Documents from the Epstein files released in recent days show that the commerce secretary sent confidential information in a series of emails to the late financier after the financial crash.

They prompted a furious response from across the political spectrum, including Gordon Brown, who was prime minister at the time of the alleged offences. MPs reported Mandelson to Scotland Yard for misconduct in public office.

Mandelson resigned from the House of Lords on Tuesday afternoon.

Keir Starmer, who handed over a dossier to police, told a Cabinet meeting on Tuesday morning he was horrified by the reported leak. He asked officials to draft legislation to remove Mandelson from his peerage “as soon as possible”.

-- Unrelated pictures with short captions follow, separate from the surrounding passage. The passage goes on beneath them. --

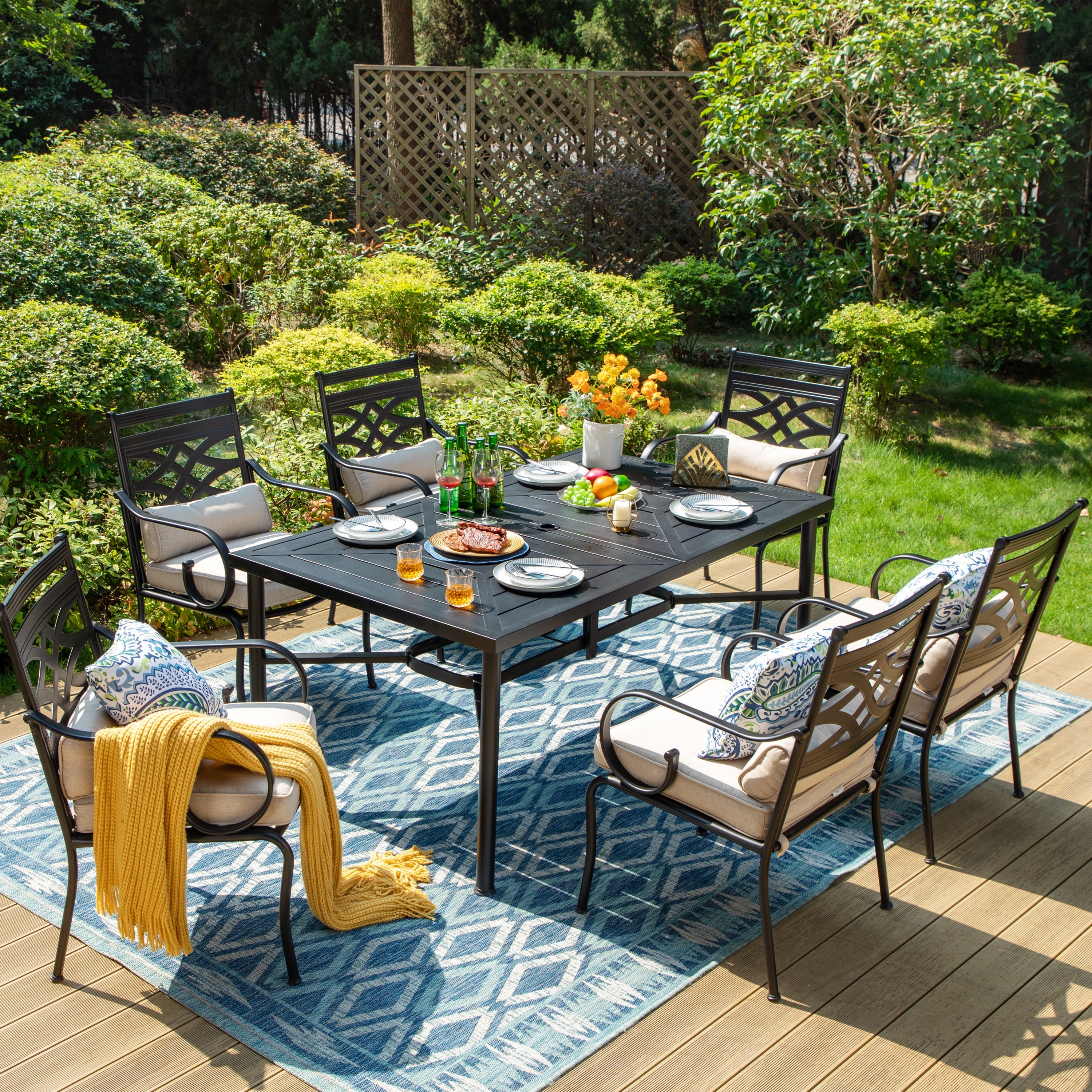 7 piece outdoor dining set with umbrella sales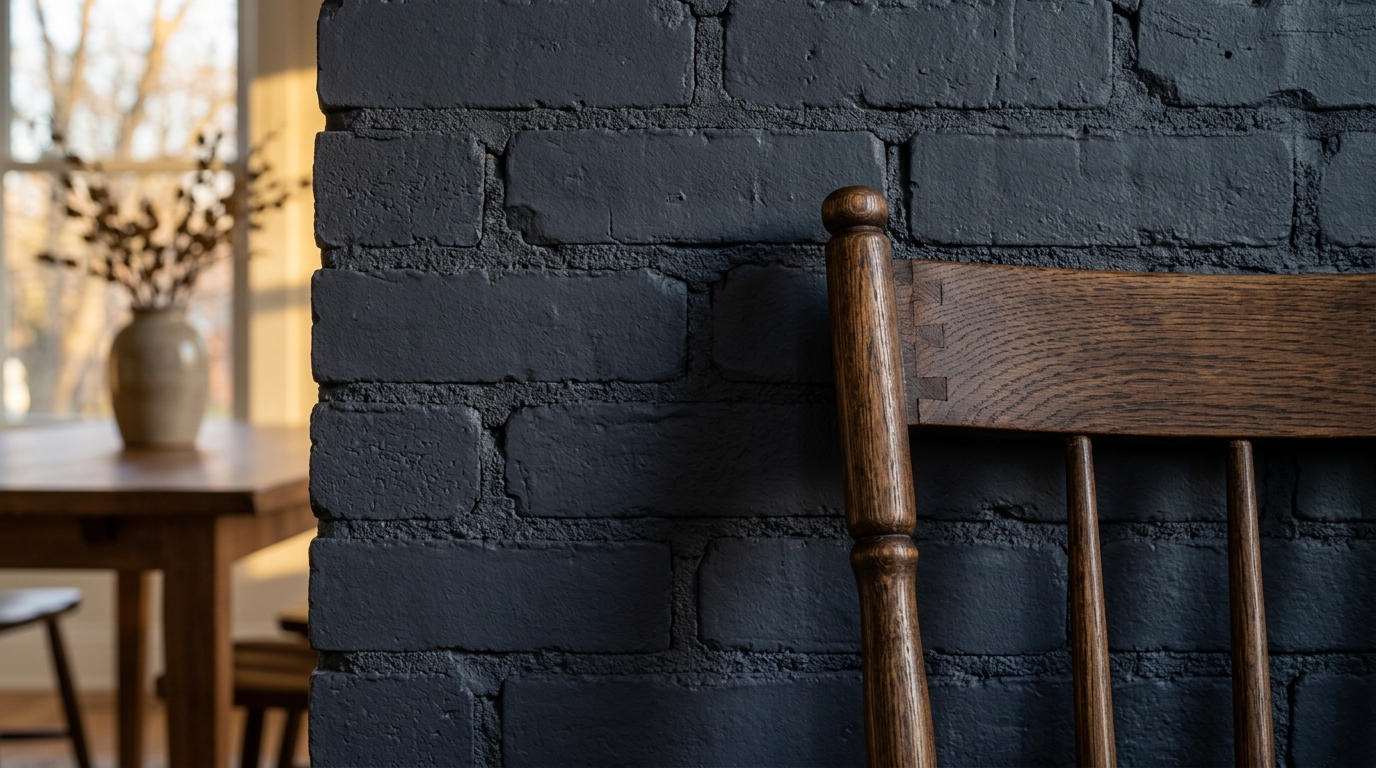 A detailed, photorealistic macro shot of a masterfully painted historic brick wall meeting a hand-crafted wooden dining chair back. The paint finish is utterly matte and flawless, showing the deep, organic texture of the masonry beneath without a single flake or blister. Warm, natural evening light casts deep shadows across the mortar lines. Realistic lighting, organic textures, and absolutely NO generic, flat red colors.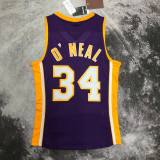 2000 LAKERS O‘NEAL #34 Purple Retro Top Quality Hot Pressing NBA Jersey(V领)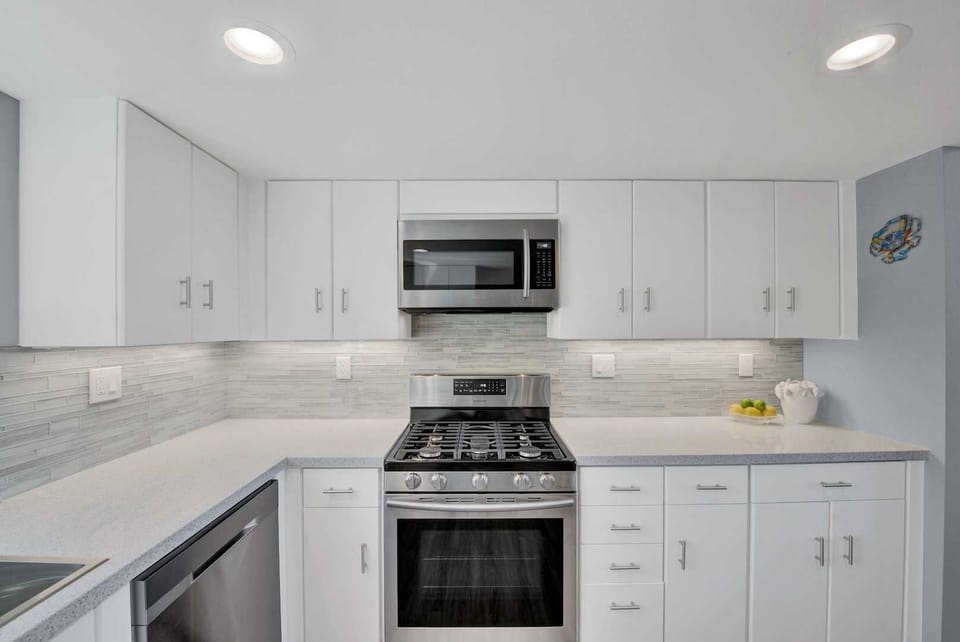 Stainless steel appliances.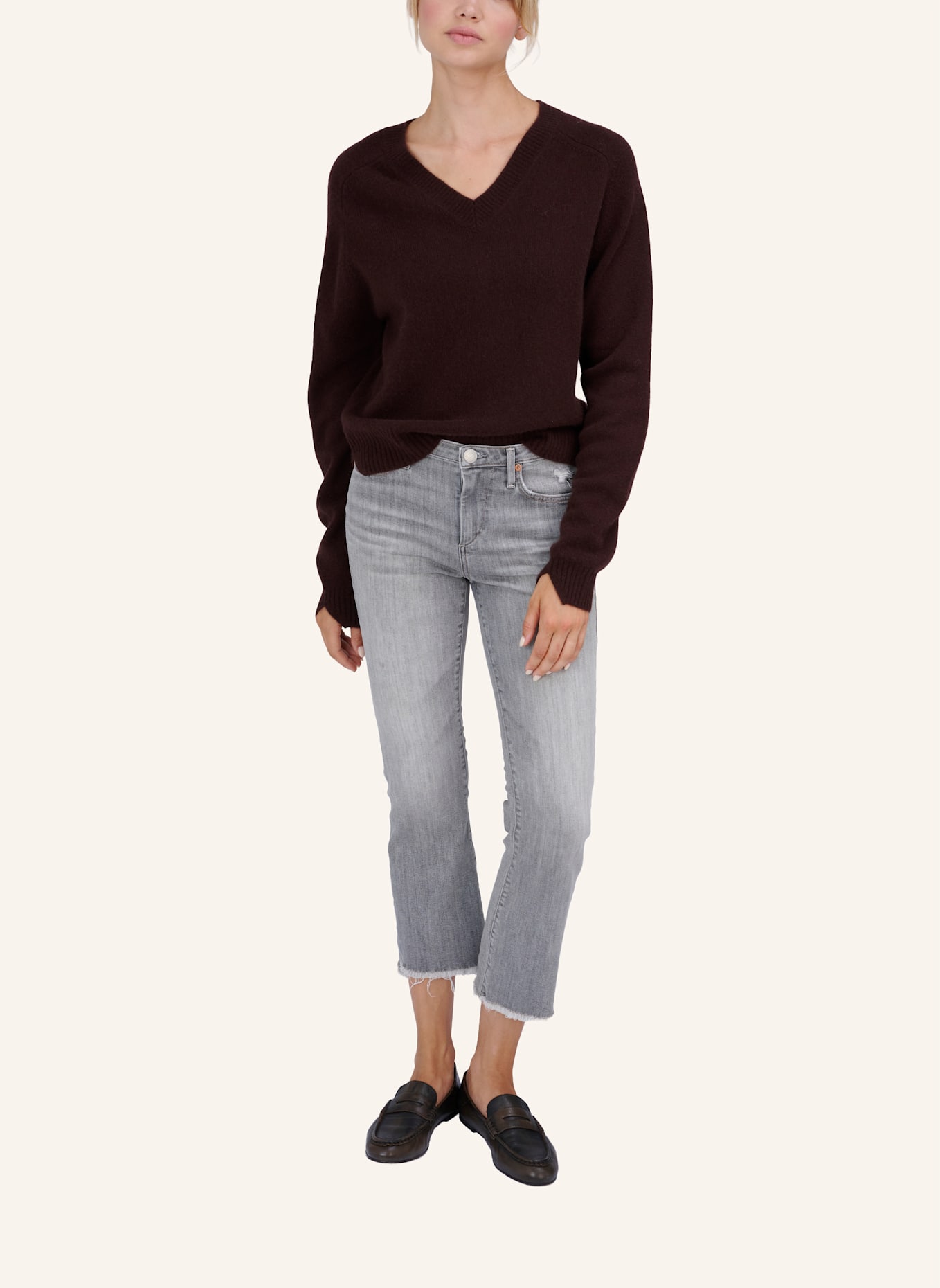 TRUE RELIGION Strickpullover V-Neck MC COCO: BRAUN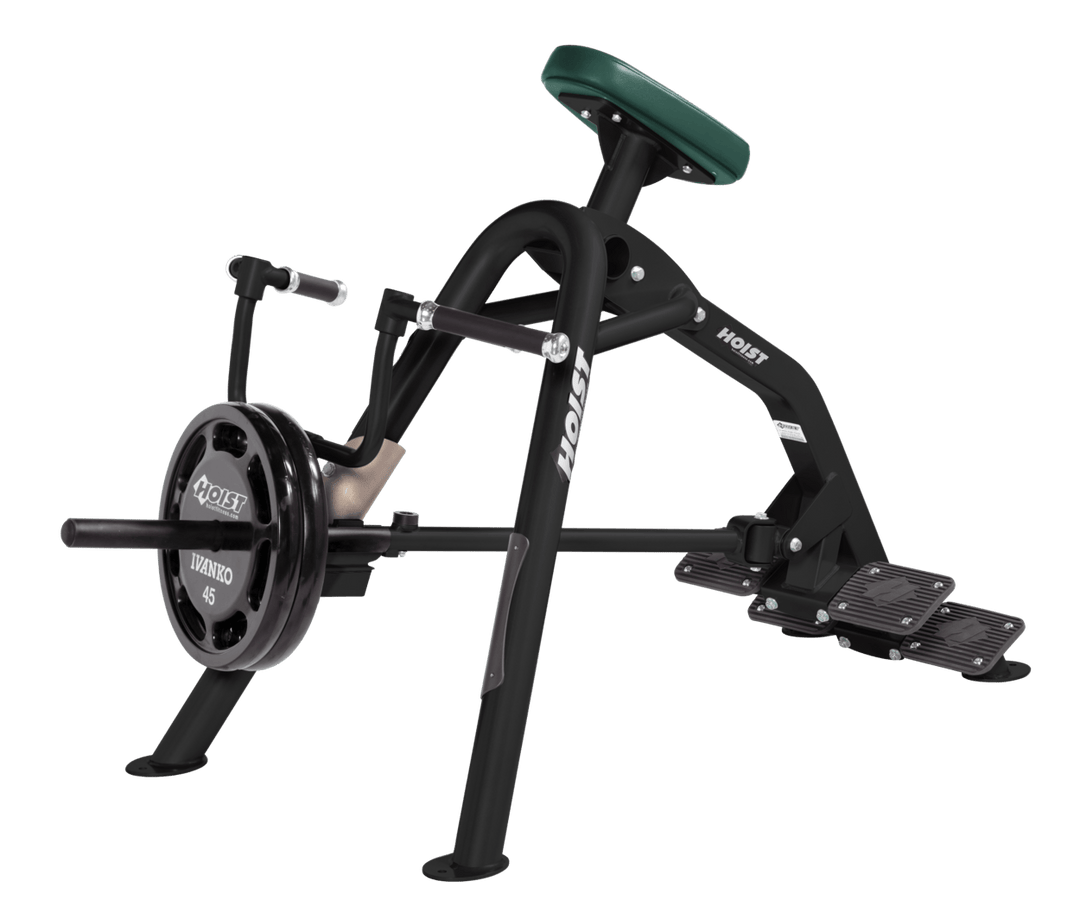 Commercial incline MB-HGR leverage row machine with chest support pad and plate-loaded arms for back training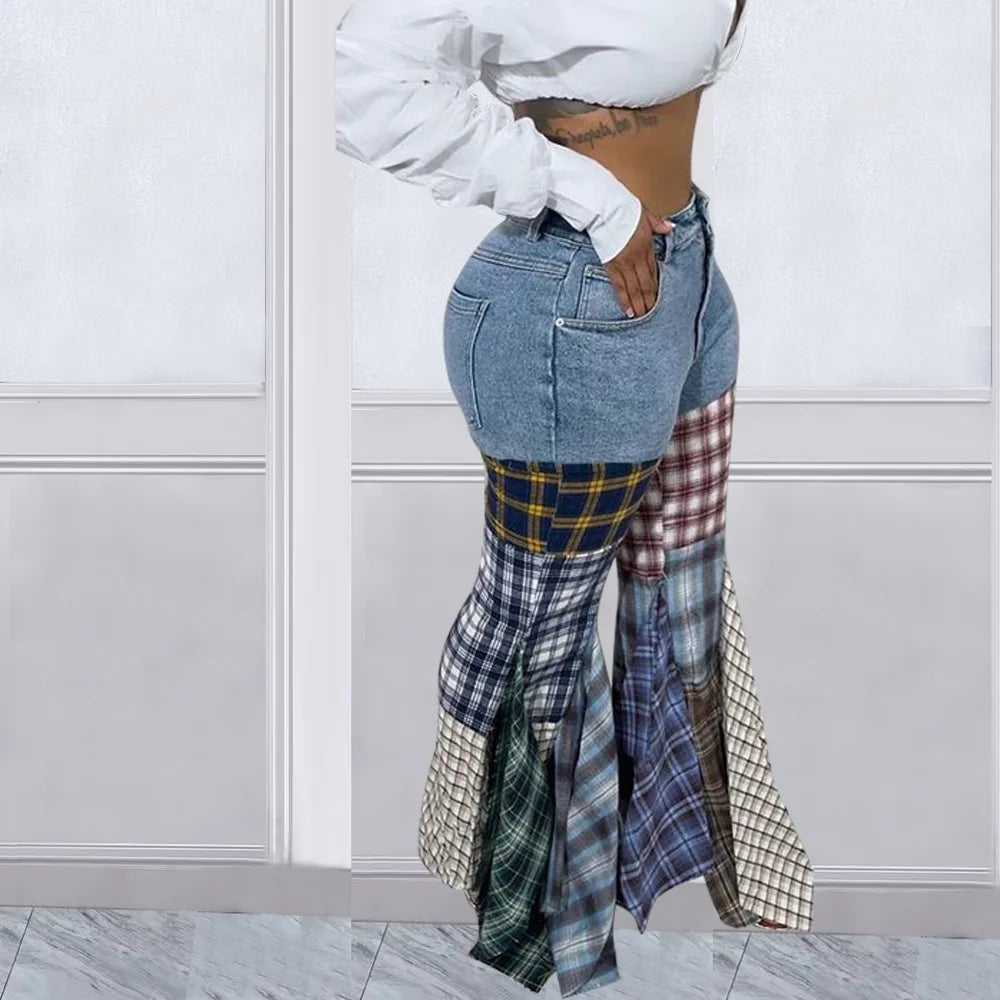 Women Jeans 2025 Fashion Spliced Hounds tooth Denim Ruffle Edge Flared High Waist Jeans. Sz S-3xl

The prime minister’s spokesman said the Cabinet Office was looking at all the information it had about the documents, but an initial review of the Epstein files released Friday by the US Justice Department found they contained potentially market-sensitive information about the 2008 financial crash and subsequent economic recovery efforts.

Brown wrote to the Metropolitan Commissioner, Sir Mark Rowley, “with information relevant to his investigation into Lord Mandelson’s disclosure of market sensitive and confidential government information” to Epstein.

Emails passed on to Epstein from senior UK government officials show Mandelson claiming he was “trying hard” to change the government’s policy on bankers’ bonuses, sharing details of an impending bailout package for the euro the day before it was announced in 2010, and suggesting the JP Morgan boss “slightly threatened” the chancellor.

During coalition talks in 2010, with Mandelson at his side offering advice, Brown finally decided to step down as prime minister. Hours before he announced his departure from No 10, Mandelson emailed Epstein: “Finally letting him go today.”

MPs have told the Guardian they want to press for further disclosure from Downing Street – including the prime minister’s chief of staff, Morgan McSweeney – about what Mandelson was asked before he was appointed as US ambassador.

The UK’s health secretary, Wes Streeting, said Mandelson’s association with Epstein was a “betrayal on many levels” but he could not see how the Cabinet Office or Starmer could have known about Epstein’s leaking of confidential information.